We will begin by adding a column to the data with a metric named success, which is the ratio of revenue to budget.

In [None]:
df['success'] = df['revenue']/df['budget']

We will first define a function for scatterplots of a success against a variable since we will be doing a lot of those.

In [None]:
def scatter_success(aspect,data):
    data.plot(x=aspect,y='success',kind='scatter')
    plt.title("Success Vs {}".format(aspect));

We will look at scatterplots of movie success against various aspects

In [None]:
scatter_success('budget_adj',df)
scatter_success('runtime',df)
scatter_success('release_year',df)
scatter_success('popularity',df)
scatter_success('vote_average',df)

We can try to exclude overly successfull movies in hope of having clearer graphs or correlations.

In [None]:
df_normal = df[df['success'] < 10]
scatter_success('budget_adj',df_normal)
scatter_success('runtime',df_normal)
scatter_success('release_year',df_normal)
scatter_success('popularity',df_normal)
scatter_success('vote_average',df_normal)

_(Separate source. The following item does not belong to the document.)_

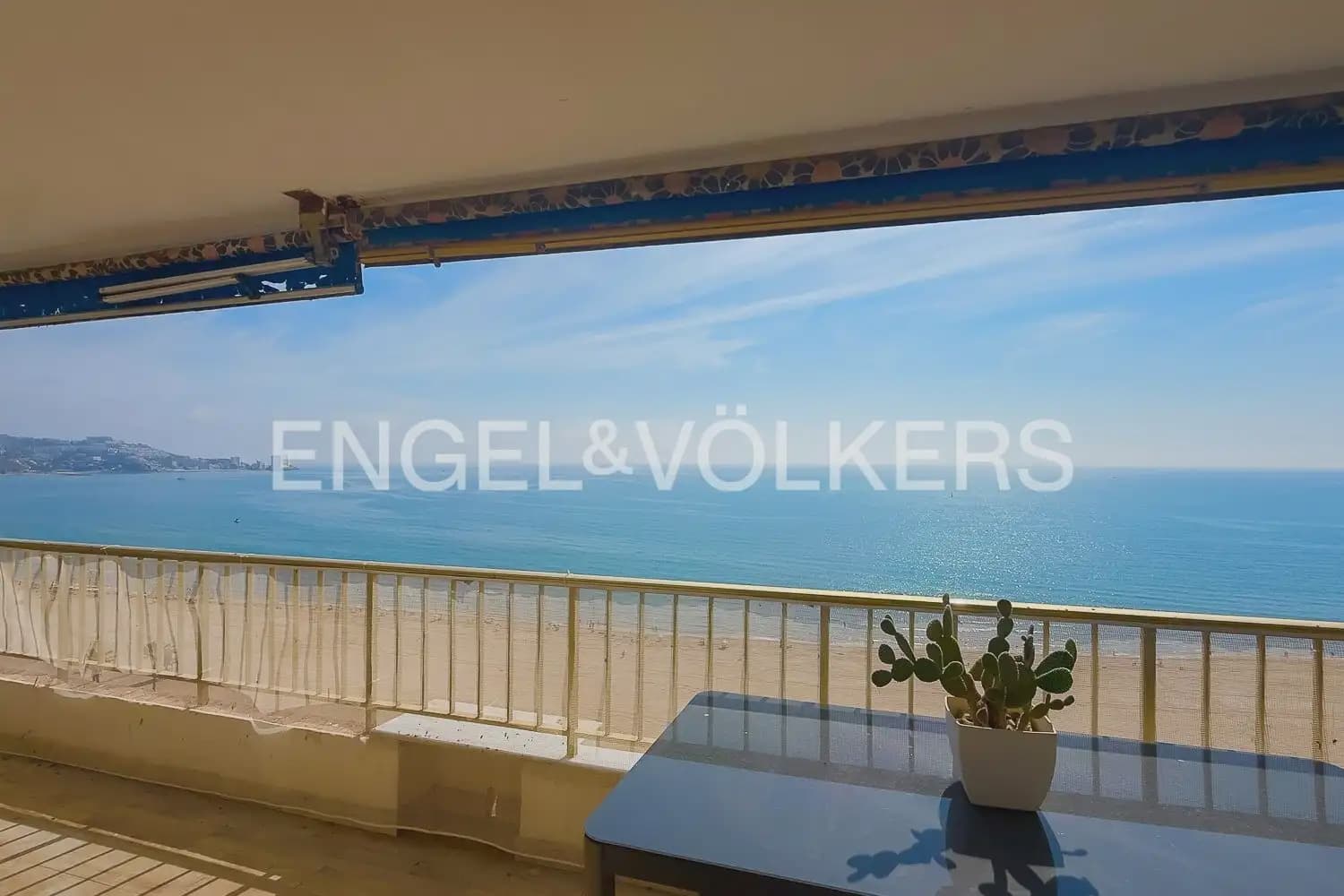 3 bedroom Flat for rent in Cullera with pool - € 2,300 (Ref: 9897803)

### Does budget directly correlate with revenue? or is there a point where increasing the budget becomes pointless?

* We can begin by looking at histograms of movie budgets and revenues (adjusted for inflation) to see how they are distributed

In [None]:
df['budget_adj'].hist()
plt.xlabel('Budget')
plt.ylabel('Movie Count')
plt.title('Budget Distribution');

In [None]:
df['revenue_adj'].hist()
plt.xlabel('Revenue')
plt.ylabel('Movie Count')
plt.title('Revenue Distribution');

We can notice that the graphs are similarly distributed, so there are far more low-budget movies than high-budget ones, and definitely movies, with higher budget are morepopular and make higher revnue, but that doesn't mean they are necessarily successfull.

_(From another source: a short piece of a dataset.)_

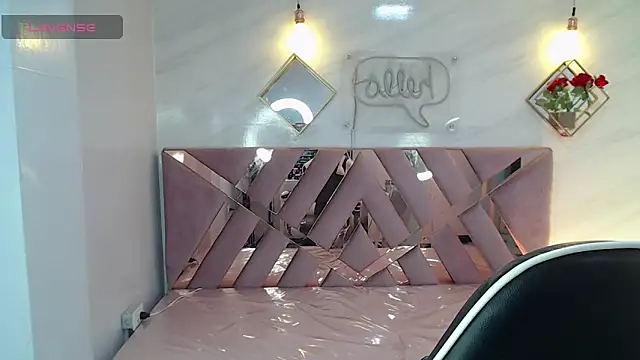 Evy Luxx v online show from December 2025 03:46:02 AM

We then look for correlation between budget and revenue

In [None]:
df.plot(x='budget_adj',y='revenue_adj',kind='scatter')
plt.title('Revenue Vs Budget');

<a id='conclusions'></a>
## Conclusions

From the above graphs and analysis, we can conclude that movie success is very hard to expect before the movie is released. It is more a complicated problem than to be solved with mere numbers. Even after excluding overly successfull movies, there still can not be correlation to be found. Most probably, it's due to the unqunatizable nature of some aspects of movies that control their success.

**Limitations:**
As mentioned in the previous paragraph, there are a lot of immeasurable factors that contribute to movie success. For example, the events that were occuring at the time of the movie release can greatly impact a movie success, just like we've seen this year with the COVID19 pandemic definitely affecting the success of many movies. Thus, it's almost impossible to figure figure out the factor that affect movie success based on simple statistical analysis alone, due to the nature of some factors being unmeasurable.